RNC HQ, STILL IN DISARRAY…. As if RNC Chairman Michael Steele’s latest gaffes weren’t enough to give his party heartburn, we’re also learning this week that management of the Republican National Committee’s finances is a complete mess.

Barely 6 1/2 months before the midterm elections, an internal investigation by the Republican National Committee has revealed that the organization is beset with questionable financial management and oversight and is spending more money courting top-dollar donors than it raises.

The investigation found that the Republican Party’s national governing body is losing money on its major-donors’ fundraising program — spending $1.09 for each $1.00 raised, according to RNC members privy to the investigation’s findings. It typically costs about 40 cents for every dollar raised from donors who give more than $1,000.

The investigation also found that the RNC has allowed employees to forge Finance Director Rob Bickhart’s initials on expense-reimbursement request approvals, according to an RNC member who spoke on the condition of anonymity for fear of retaliation…. The report says several RNC Finance Department employees have been forging Mr. Bickhart’s signature for reimbursement for the purchase of clothing, wine and entertainment expenses, including some that were labeled as office supplies.

Many RNC donors were severely annoyed to learn that party funds were used at that bondage-themed nightclub earlier this year, but that was about $2,000. Party officials could at least tell supporters that it was an isolated incident involving a fairly small amount of money, which the RNC reportedly got back.
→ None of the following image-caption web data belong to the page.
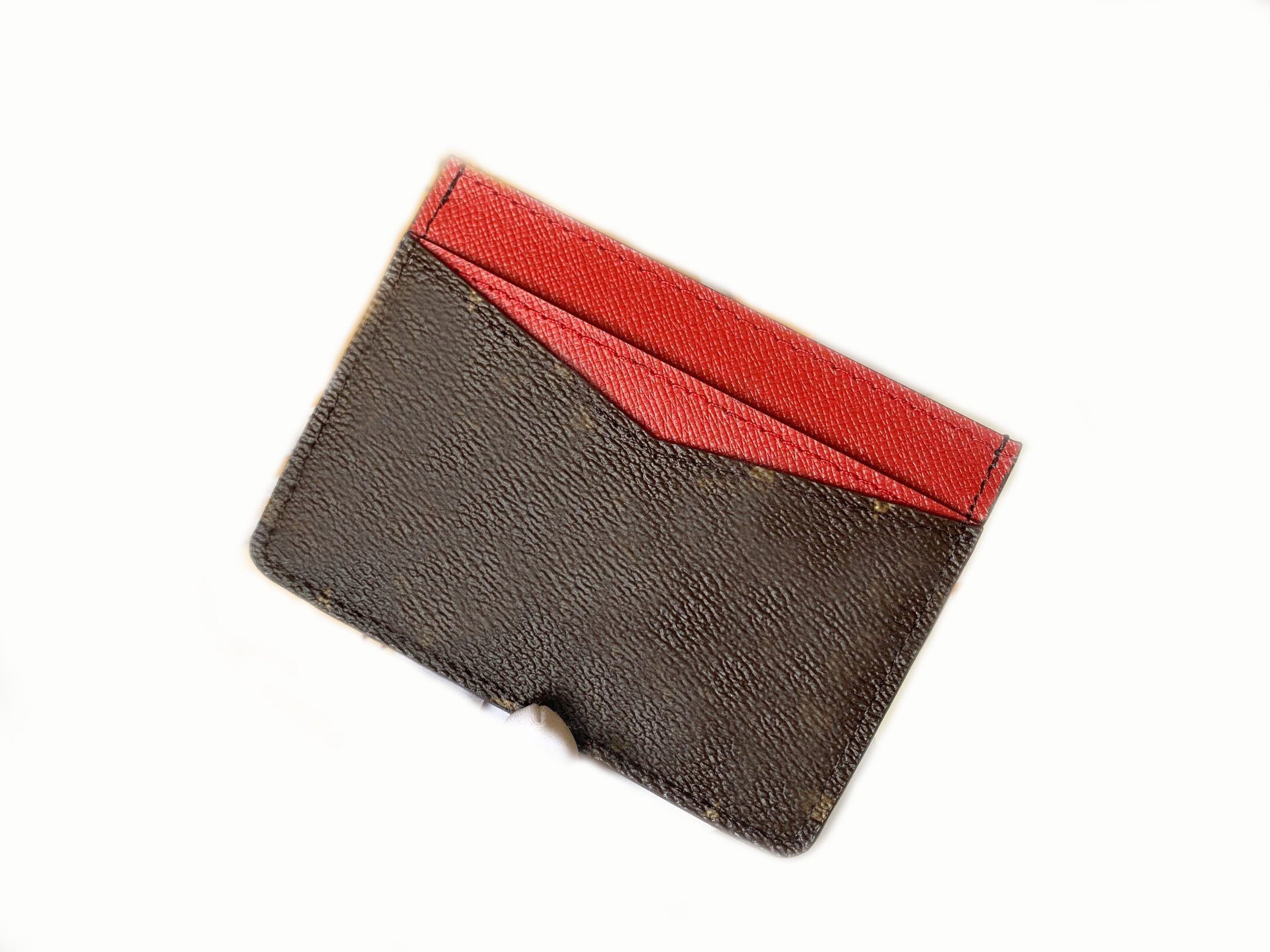 New high-quality fashion designer purse Card and coin famous women's purse leather purse card Clip Coin Purse Free Gift Box 60166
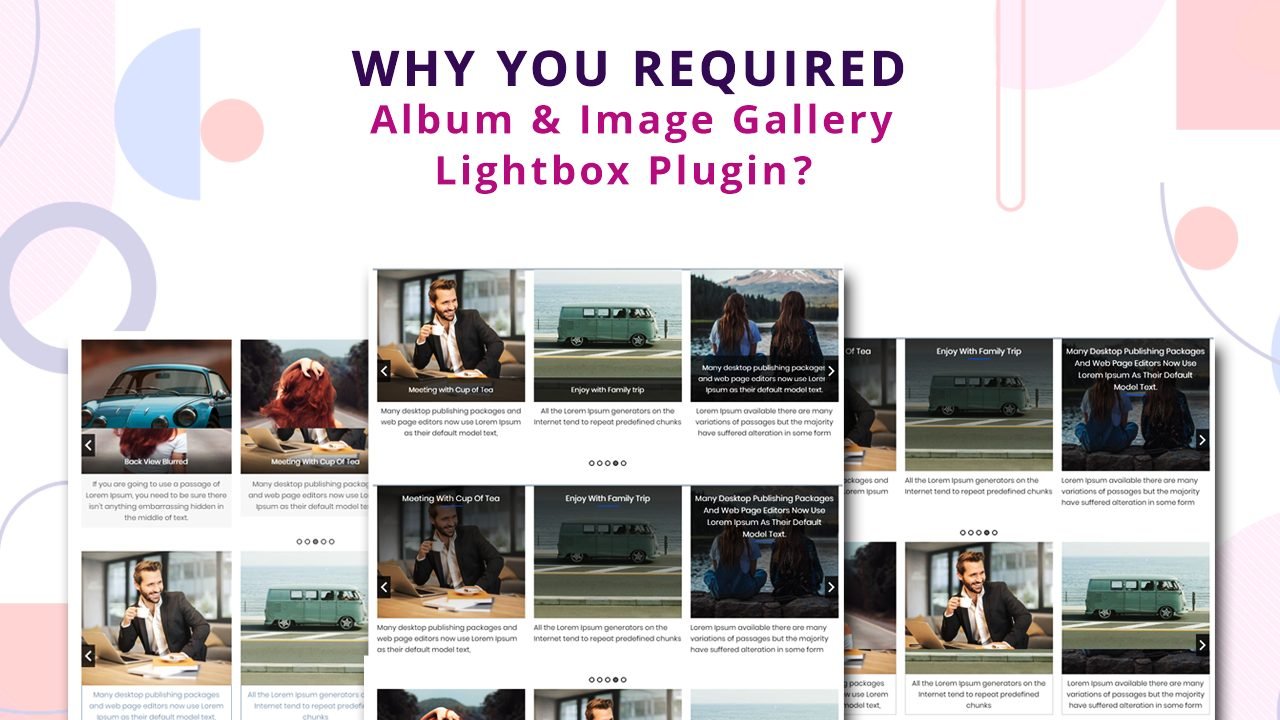 Allure your visitor’s experience! Install Album and Image Gallery Lightbox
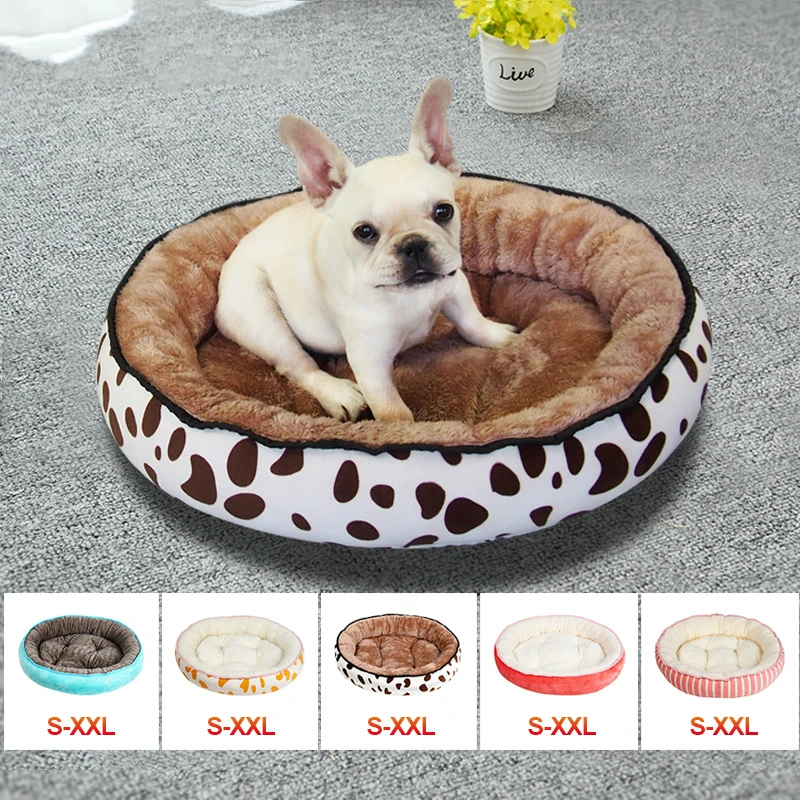 

Dog Bed Warming Kennel Washable Pet Floppy Extra Comfy Plush Cushion And Nonslip Bottom For Large Small Dogs House Cama Perro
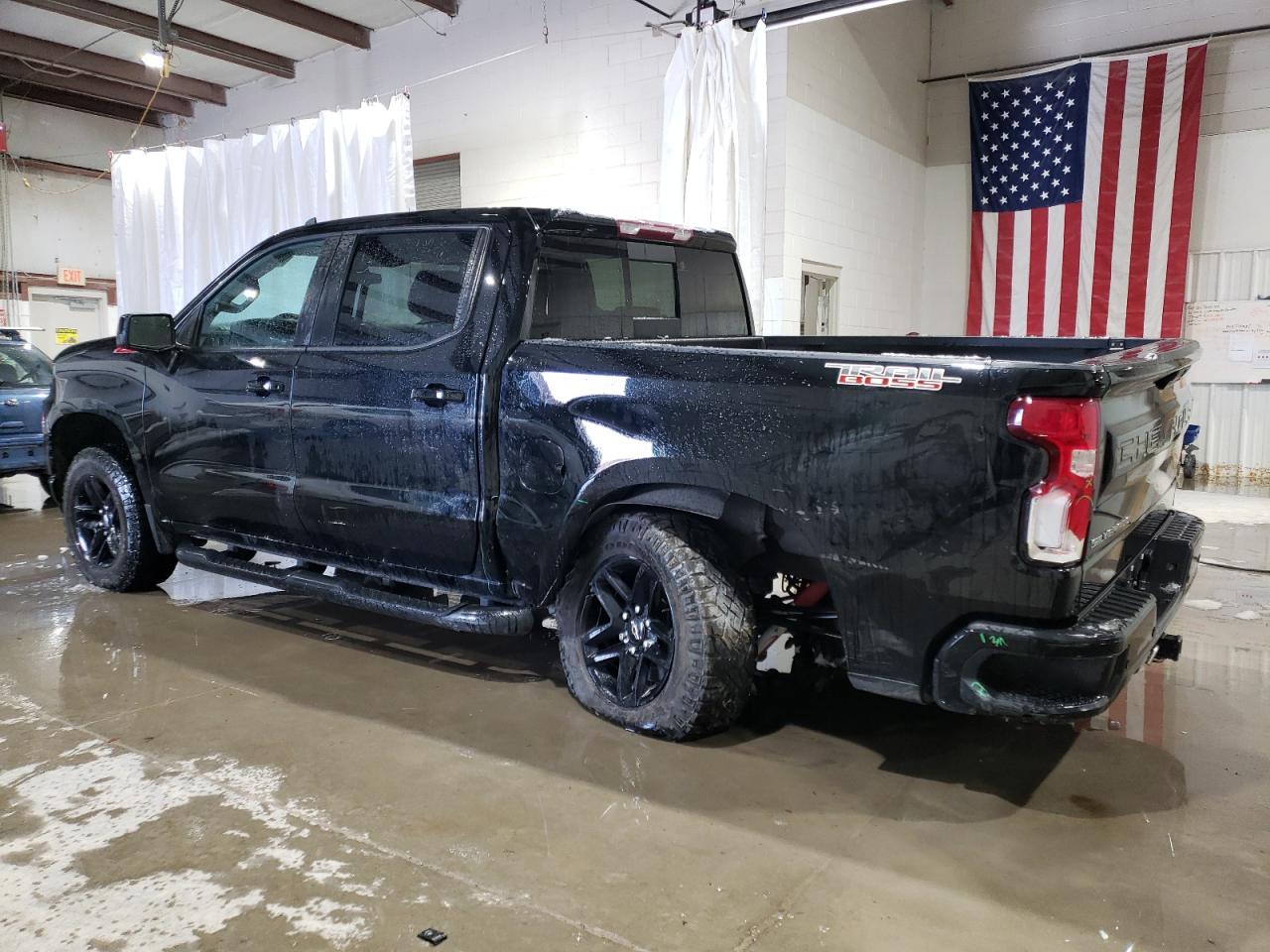 2021 Chevrolet Silverado VIN 3GCPYFEL4MG279595 Copart auction photo, rear end damage thumbnail 2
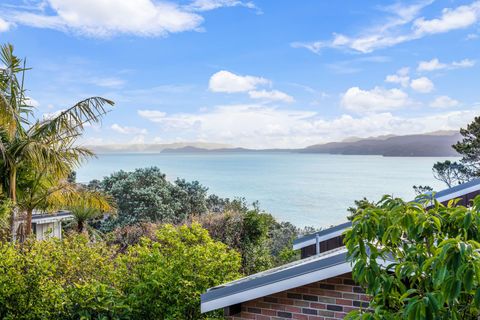 View overlooking Manukau Harbour towards Cornwallis.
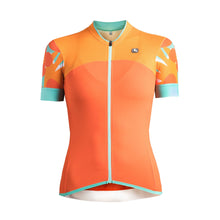 Load image into Gallery viewer, Giordana Womens Lungo S/S Jersey - Orange/Mint
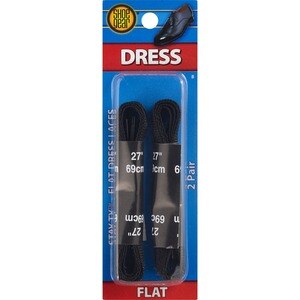 Shoe Gear Flat Dress Laces 27 Inches Black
But the message to RNC donors is far more difficult when the problems appear systemic.

It’s quite an operation Michael Steele is running, isn’t it?

Given what we’ve seen of late, I still find it hard to imagine the party would oust Steele. He’s survived this long, despite extraordinary incompetence, and with the midterms less than seven months away, I doubt the RNC would move towards a major shake-up now.

But if the elections in November fall short of party expectations, don’t be surprised if Steele and “questionable financial management and oversight” at the RNC gets much of the blame.